Your task: What I need is an exact repeat of the lines from the one with "صورة 2 لـ 2023 Genesis GV70" through the end of the listing below. Leave out every picture.

Dataset excerpt:
::::
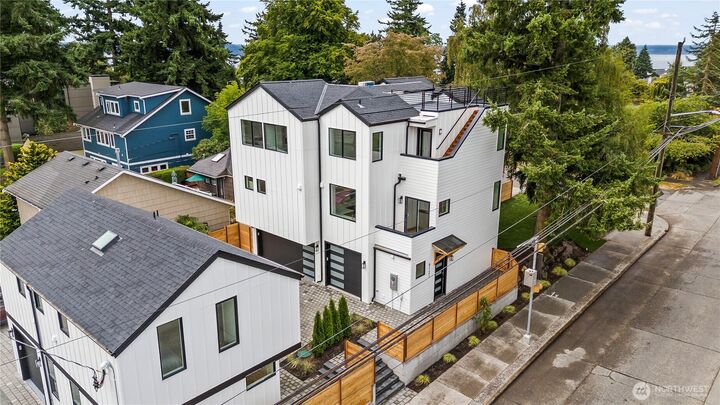5121 SW Genesee Street  Seattle WA 98116 photo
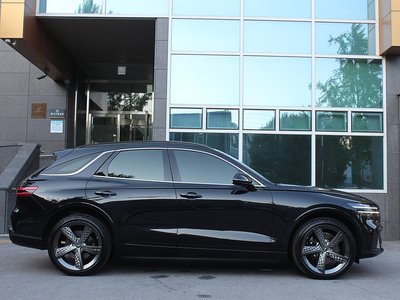 صورة 2 لـ 2023 Genesis GV70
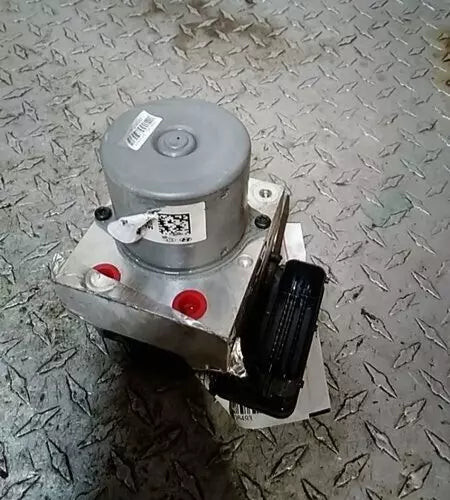 2013-2015 Hyundai Genesis ABS Anti Lock Brake Pump Assembly Cpe 2.0L 3.8L OEM used OEM ABS pump and module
::::
Exercise result:
 صورة 2 لـ 2023 Genesis GV70
 2013-2015 Hyundai Genesis ABS Anti Lock Brake Pump Assembly Cpe 2.0L 3.8L OEM used OEM ABS pump and module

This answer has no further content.